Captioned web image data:
•••
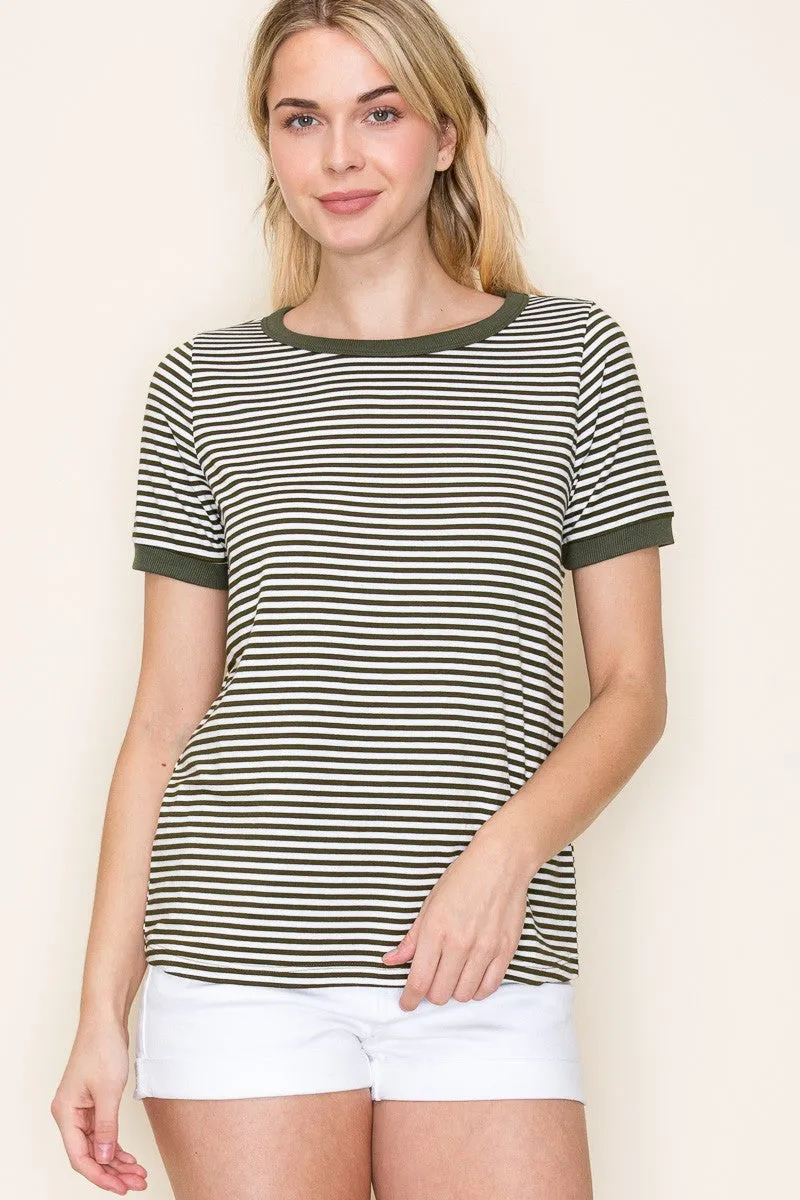 Olive Striped Short Sleeve Top sold by Pinkblush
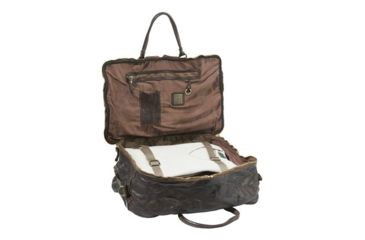 Image of Beretta Vin Washed Leather Travel Bag, Dark Brown, 11in X 26in X 11.5in, BS321L00710869
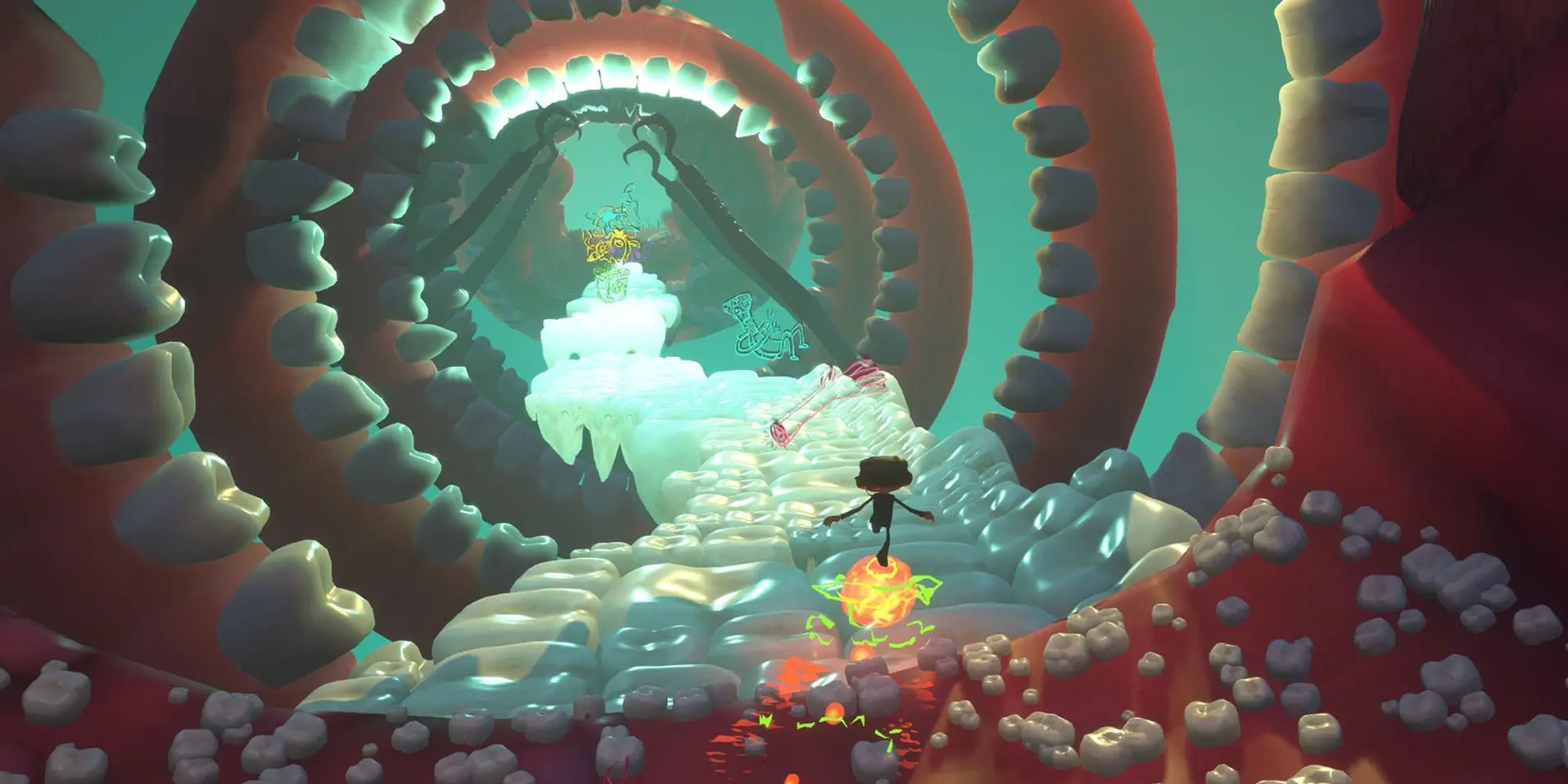 Raz Runs Through A Teeth Tunnel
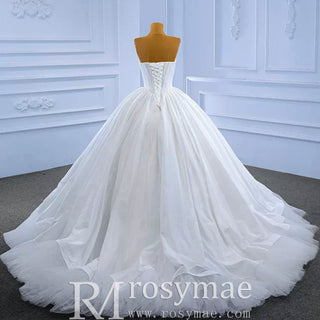 Puffy Skirt Ball Gown Wedding Dress Strapless Corset Bridal Gown - Rosymae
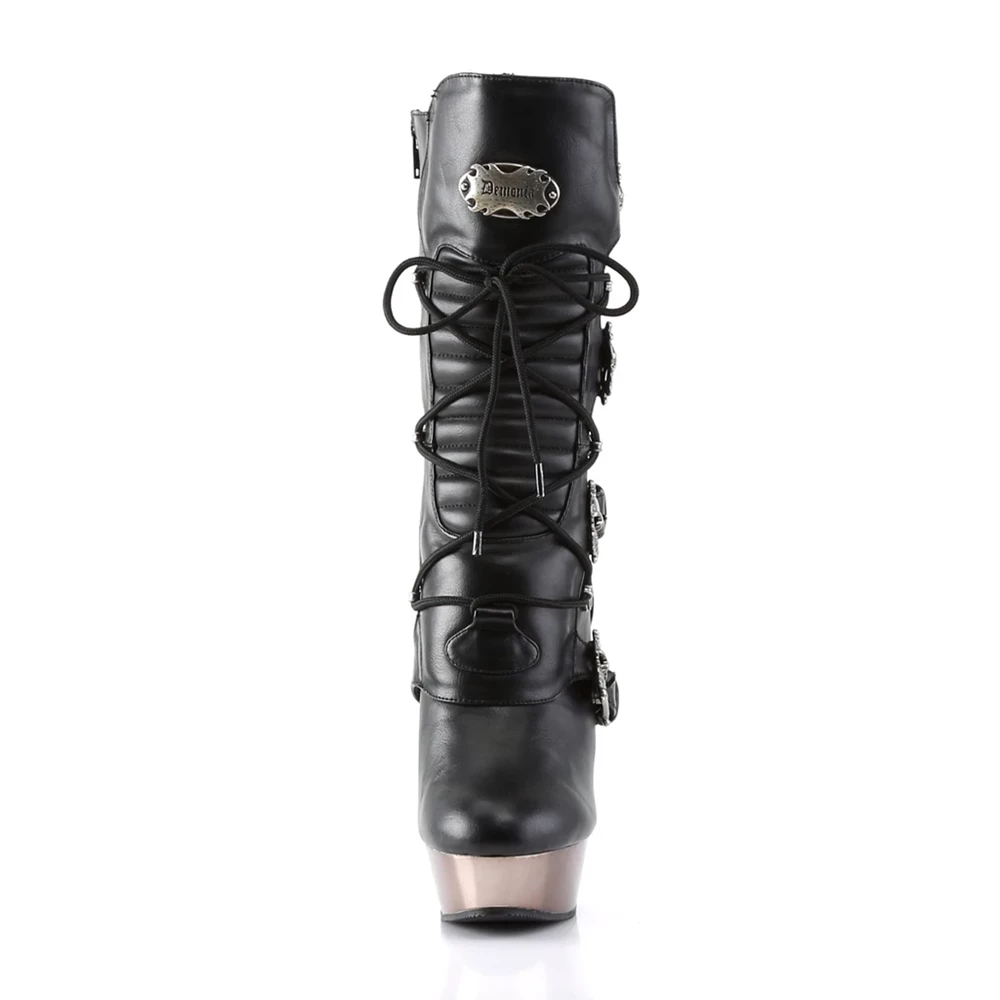 Femme Noir Bottes Hautes Demonia Muerto-1026 - france HRY-6657698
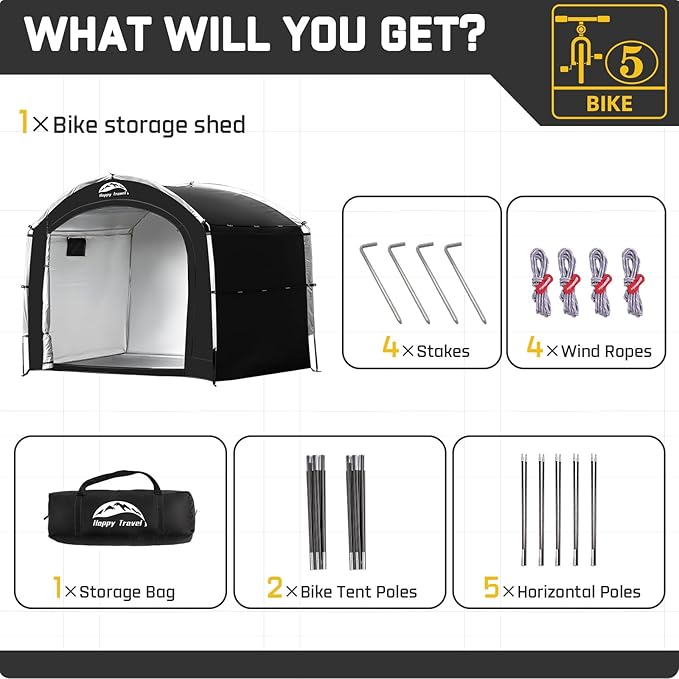 Happy Travel Bike Storage Shed Tent,Outdoor Portable Bicycle Storage Sheds with 210D Oxford Fabric PU4000 Waterproof for 2/3/4/6/8 Bikes,Bike Covers Shelter for Motorcycle,Garden Tools,Toys,Lawn Mower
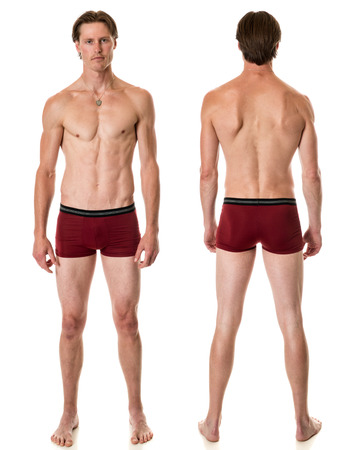 Man in underwear. Studio shot over white.の写真素材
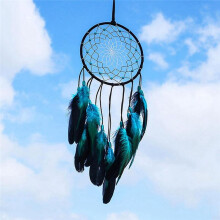 1 PièCe Attrape-RêVes Arbre Bleu avec Plumes, Filet Circulaire Traditionnel Indien Fait à la Main pour DéCoration Murale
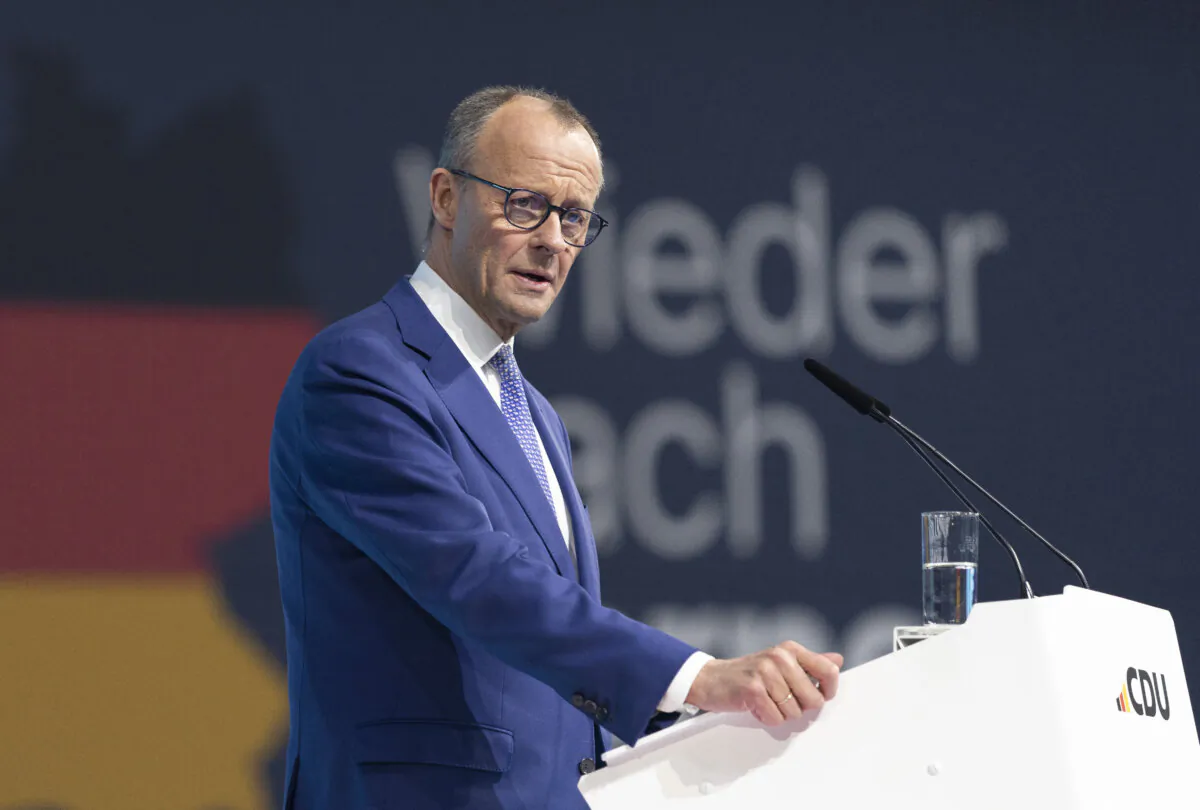 Friedrich Merz, chancellor candidate and leader of the Christian Democrats (CDU), speaks to delegates at a CDU party congress in Berlin, Germany, on Feb. 3, 2025. (Maja Hitij/Getty Images)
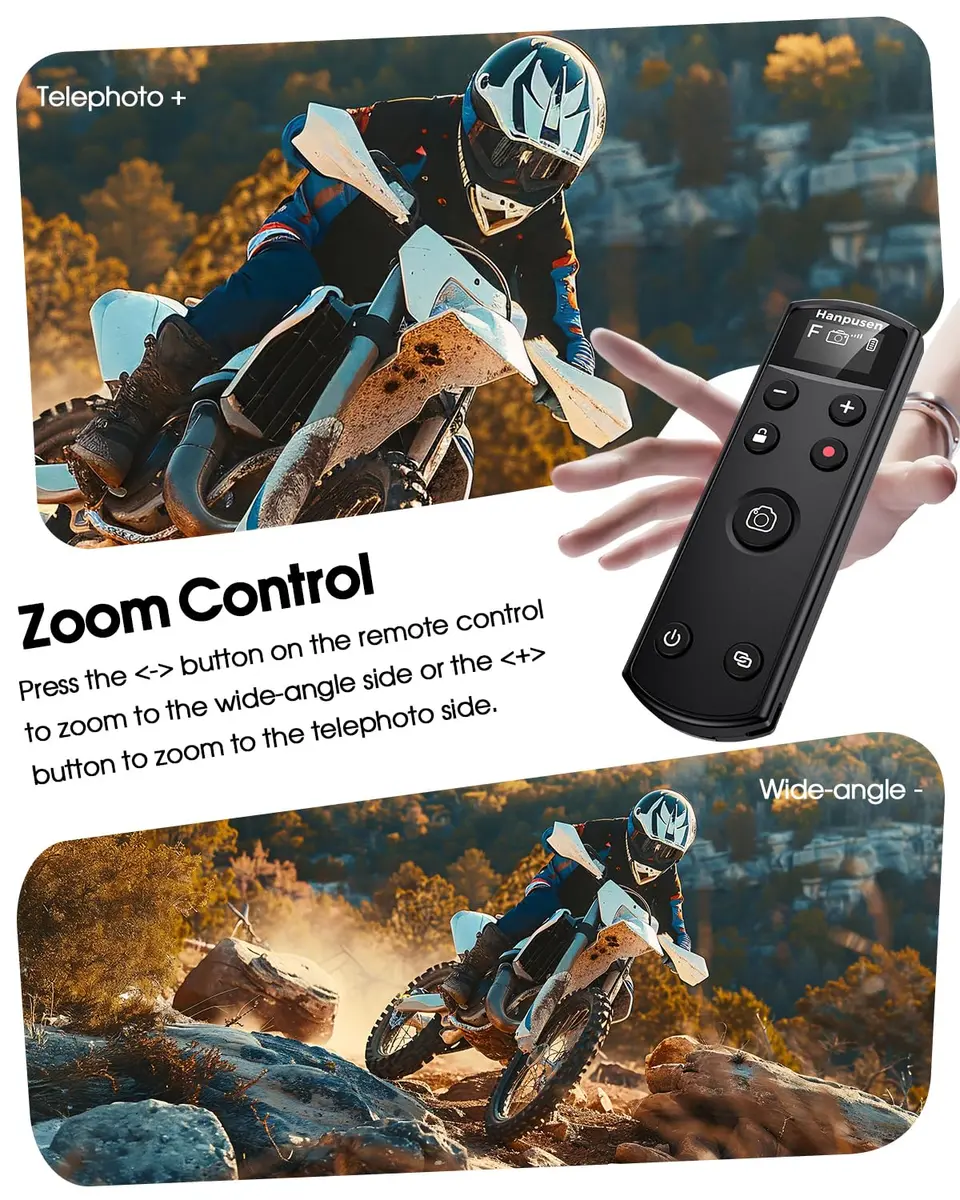 Hanpusen Rechargeable Wireless Camera Remote Control with OLED Screen for Fujifilm Cameras | 10m (32.8ft) Range - view 3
•••
● **EXERCISE REQUIREMENTS**: Your copy should hold exactly the lines from the one with "Happy Travel Bike" through the end of the records, both included, and no pictures.

● **SOLUTION TO THIS TASK**:
 Happy Travel Bike Storage Shed Tent,Outdoor Portable Bicycle Storage Sheds with 210D Oxford Fabric PU4000 Waterproof for 2/3/4/6/8 Bikes,Bike Covers Shelter for Motorcycle,Garden Tools,Toys,Lawn Mower
 Man in underwear. Studio shot over white.の写真素材
 1 PièCe Attrape-RêVes Arbre Bleu avec Plumes, Filet Circulaire Traditionnel Indien Fait à la Main pour DéCoration Murale
 Friedrich Merz, chancellor candidate and leader of the Christian Democrats (CDU), speaks to delegates at a CDU party congress in Berlin, Germany, on Feb. 3, 2025. (Maja Hitij/Getty Images)
 Hanpusen Rechargeable Wireless Camera Remote Control with OLED Screen for Fujifilm Cameras | 10m (32.8ft) Range - view 3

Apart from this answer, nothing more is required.